Repeat only the lines below from the one containing "知多市寺本新町2丁目　全1棟" through the one containing "Брифин министра по", inclusive, exactly as written.

■ ■ ■

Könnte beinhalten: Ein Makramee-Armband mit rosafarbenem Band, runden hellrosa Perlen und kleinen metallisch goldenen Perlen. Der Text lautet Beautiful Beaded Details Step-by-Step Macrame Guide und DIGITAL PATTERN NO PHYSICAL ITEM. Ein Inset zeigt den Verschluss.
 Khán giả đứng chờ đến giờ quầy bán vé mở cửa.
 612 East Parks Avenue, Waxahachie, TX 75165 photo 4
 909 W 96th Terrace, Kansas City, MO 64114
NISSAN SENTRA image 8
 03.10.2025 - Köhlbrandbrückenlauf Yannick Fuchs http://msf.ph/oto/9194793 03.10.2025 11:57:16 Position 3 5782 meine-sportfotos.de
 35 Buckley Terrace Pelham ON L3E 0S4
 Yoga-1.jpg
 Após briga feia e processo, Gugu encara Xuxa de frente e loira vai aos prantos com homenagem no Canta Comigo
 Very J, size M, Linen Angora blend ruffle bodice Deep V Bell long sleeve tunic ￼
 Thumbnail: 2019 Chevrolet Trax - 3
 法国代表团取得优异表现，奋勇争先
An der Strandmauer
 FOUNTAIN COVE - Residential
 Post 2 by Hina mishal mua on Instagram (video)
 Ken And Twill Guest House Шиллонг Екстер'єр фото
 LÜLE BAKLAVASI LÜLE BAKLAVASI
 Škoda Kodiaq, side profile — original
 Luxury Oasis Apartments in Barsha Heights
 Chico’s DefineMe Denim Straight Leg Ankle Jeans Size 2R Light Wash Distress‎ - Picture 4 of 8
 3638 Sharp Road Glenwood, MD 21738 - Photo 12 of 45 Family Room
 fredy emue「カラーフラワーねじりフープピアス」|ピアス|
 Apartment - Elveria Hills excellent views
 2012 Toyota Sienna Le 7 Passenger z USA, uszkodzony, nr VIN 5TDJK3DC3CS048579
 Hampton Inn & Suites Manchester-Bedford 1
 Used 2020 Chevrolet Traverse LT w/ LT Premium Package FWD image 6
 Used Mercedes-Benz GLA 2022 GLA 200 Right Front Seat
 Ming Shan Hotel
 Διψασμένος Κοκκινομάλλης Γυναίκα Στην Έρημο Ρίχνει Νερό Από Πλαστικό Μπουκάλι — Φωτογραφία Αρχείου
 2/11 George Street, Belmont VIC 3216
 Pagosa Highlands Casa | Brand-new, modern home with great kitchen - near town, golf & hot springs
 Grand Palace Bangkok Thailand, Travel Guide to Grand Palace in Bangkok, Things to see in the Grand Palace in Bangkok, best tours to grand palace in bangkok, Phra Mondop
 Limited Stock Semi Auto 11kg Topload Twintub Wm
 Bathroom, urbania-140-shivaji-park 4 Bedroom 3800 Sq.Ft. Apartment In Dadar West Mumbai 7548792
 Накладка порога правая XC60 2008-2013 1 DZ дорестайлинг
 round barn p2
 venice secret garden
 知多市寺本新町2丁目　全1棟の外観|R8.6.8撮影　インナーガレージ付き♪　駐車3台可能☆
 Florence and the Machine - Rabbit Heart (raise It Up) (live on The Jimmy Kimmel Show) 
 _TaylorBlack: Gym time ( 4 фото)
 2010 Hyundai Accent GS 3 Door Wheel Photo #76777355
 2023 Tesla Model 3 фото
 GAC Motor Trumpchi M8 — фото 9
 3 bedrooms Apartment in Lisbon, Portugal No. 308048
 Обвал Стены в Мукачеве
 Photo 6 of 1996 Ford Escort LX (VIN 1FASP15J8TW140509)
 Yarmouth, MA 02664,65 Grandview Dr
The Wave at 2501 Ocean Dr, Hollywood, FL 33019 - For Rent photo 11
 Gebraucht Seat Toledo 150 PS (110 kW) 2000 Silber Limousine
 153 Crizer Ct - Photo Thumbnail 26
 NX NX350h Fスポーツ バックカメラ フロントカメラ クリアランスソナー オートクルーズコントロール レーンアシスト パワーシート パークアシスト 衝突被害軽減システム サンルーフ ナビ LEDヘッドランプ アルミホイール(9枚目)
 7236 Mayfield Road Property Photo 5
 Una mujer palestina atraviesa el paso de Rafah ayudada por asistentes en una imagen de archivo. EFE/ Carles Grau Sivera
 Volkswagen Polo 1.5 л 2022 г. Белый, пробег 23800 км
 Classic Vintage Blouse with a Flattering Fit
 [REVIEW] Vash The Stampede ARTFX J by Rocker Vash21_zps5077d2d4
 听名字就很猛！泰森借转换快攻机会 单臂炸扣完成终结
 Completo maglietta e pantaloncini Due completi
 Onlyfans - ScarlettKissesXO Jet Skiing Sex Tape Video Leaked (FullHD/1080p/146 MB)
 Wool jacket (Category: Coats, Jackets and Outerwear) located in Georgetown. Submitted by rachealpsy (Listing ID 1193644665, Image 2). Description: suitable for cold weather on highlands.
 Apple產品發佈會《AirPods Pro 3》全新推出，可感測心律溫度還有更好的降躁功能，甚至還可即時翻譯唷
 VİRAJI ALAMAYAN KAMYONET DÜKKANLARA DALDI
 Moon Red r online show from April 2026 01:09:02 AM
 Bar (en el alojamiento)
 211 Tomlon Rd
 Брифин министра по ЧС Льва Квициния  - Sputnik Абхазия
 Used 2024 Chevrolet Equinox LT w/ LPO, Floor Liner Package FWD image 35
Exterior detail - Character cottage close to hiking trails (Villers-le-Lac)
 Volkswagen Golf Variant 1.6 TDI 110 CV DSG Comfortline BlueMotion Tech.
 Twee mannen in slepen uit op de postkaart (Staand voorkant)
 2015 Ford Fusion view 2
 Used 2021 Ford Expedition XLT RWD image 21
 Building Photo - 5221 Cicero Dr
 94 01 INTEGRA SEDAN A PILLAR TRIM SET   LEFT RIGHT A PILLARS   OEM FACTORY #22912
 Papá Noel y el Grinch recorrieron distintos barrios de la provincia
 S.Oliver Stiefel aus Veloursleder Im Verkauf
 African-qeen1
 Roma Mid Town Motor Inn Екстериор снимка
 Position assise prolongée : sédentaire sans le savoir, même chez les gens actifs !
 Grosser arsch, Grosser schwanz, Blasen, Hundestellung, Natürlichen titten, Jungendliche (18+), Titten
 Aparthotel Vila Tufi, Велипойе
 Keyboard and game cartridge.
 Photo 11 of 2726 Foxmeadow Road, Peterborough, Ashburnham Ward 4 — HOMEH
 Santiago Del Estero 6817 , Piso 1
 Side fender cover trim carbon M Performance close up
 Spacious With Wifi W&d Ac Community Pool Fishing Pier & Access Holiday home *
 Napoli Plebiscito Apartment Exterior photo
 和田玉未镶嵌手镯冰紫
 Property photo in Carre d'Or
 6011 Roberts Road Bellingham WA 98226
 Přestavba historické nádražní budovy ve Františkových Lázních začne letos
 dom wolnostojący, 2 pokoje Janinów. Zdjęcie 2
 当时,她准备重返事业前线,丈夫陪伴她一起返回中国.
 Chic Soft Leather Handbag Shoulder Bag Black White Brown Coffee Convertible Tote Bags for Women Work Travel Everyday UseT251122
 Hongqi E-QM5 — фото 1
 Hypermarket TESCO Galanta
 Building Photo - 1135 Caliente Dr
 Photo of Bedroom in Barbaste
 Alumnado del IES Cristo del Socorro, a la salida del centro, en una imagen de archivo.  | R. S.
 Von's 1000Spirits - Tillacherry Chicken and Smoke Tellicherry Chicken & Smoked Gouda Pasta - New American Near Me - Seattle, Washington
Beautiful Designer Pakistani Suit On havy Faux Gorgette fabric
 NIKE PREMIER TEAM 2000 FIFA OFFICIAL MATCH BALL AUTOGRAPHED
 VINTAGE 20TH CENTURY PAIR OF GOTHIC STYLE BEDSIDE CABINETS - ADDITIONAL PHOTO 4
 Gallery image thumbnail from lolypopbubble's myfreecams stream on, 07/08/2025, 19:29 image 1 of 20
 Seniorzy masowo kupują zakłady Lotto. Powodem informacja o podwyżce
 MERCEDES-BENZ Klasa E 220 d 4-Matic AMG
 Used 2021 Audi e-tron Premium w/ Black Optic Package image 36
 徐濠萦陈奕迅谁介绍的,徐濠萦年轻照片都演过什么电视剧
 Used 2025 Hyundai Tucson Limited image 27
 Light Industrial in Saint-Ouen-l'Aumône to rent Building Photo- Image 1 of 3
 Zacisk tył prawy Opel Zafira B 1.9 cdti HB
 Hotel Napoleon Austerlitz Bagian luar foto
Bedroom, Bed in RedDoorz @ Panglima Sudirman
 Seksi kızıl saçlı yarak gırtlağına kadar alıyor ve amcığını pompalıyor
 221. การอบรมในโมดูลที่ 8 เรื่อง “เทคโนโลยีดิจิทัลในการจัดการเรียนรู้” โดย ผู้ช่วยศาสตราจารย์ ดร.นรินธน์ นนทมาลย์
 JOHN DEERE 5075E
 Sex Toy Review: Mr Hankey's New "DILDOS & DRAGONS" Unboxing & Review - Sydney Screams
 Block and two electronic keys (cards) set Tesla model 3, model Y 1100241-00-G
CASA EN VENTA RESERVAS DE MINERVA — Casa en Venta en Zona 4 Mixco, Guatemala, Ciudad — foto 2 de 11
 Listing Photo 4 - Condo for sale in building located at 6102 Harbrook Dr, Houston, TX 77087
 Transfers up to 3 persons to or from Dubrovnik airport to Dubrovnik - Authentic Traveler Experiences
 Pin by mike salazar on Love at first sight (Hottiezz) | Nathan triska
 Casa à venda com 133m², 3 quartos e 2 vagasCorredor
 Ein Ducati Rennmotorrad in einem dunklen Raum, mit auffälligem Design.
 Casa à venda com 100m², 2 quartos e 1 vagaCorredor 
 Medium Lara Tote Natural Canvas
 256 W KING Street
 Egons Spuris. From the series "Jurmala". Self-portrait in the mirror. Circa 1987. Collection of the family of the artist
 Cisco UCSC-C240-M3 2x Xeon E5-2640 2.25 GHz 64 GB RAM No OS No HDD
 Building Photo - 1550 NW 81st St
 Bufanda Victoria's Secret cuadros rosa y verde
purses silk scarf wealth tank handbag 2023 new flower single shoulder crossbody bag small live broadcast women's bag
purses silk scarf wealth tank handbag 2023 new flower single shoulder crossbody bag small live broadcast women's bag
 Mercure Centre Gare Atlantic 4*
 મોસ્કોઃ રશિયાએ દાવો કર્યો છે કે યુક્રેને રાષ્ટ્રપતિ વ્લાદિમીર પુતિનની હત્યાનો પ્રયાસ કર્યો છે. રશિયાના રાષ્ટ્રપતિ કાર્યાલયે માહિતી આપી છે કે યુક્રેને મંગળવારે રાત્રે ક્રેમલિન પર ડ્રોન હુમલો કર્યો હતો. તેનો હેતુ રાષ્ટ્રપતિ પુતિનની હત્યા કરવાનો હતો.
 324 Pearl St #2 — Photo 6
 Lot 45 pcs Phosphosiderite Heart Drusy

■ ■ ■

Your response:
 知多市寺本新町2丁目　全1棟の外観|R8.6.8撮影　インナーガレージ付き♪　駐車3台可能☆
 Florence and the Machine - Rabbit Heart (raise It Up) (live on The Jimmy Kimmel Show) 
 _TaylorBlack: Gym time ( 4 фото)
 2010 Hyundai Accent GS 3 Door Wheel Photo #76777355
 2023 Tesla Model 3 фото
 GAC Motor Trumpchi M8 — фото 9
 3 bedrooms Apartment in Lisbon, Portugal No. 308048
 Обвал Стены в Мукачеве
 Photo 6 of 1996 Ford Escort LX (VIN 1FASP15J8TW140509)
 Yarmouth, MA 02664,65 Grandview Dr
The Wave at 2501 Ocean Dr, Hollywood, FL 33019 - For Rent photo 11
 Gebraucht Seat Toledo 150 PS (110 kW) 2000 Silber Limousine
 153 Crizer Ct - Photo Thumbnail 26
 NX NX350h Fスポーツ バックカメラ フロントカメラ クリアランスソナー オートクルーズコントロール レーンアシスト パワーシート パークアシスト 衝突被害軽減システム サンルーフ ナビ LEDヘッドランプ アルミホイール(9枚目)
 7236 Mayfield Road Property Photo 5
 Una mujer palestina atraviesa el paso de Rafah ayudada por asistentes en una imagen de archivo. EFE/ Carles Grau Sivera
 Volkswagen Polo 1.5 л 2022 г. Белый, пробег 23800 км
 Classic Vintage Blouse with a Flattering Fit
 [REVIEW] Vash The Stampede ARTFX J by Rocker Vash21_zps5077d2d4
 听名字就很猛！泰森借转换快攻机会 单臂炸扣完成终结
 Completo maglietta e pantaloncini Due completi
 Onlyfans - ScarlettKissesXO Jet Skiing Sex Tape Video Leaked (FullHD/1080p/146 MB)
 Wool jacket (Category: Coats, Jackets and Outerwear) located in Georgetown. Submitted by rachealpsy (Listing ID 1193644665, Image 2). Description: suitable for cold weather on highlands.
 Apple產品發佈會《AirPods Pro 3》全新推出，可感測心律溫度還有更好的降躁功能，甚至還可即時翻譯唷
 VİRAJI ALAMAYAN KAMYONET DÜKKANLARA DALDI
 Moon Red r online show from April 2026 01:09:02 AM
 Bar (en el alojamiento)
 211 Tomlon Rd
 Брифин министра по ЧС Льва Квициния  - Sputnik Абхазия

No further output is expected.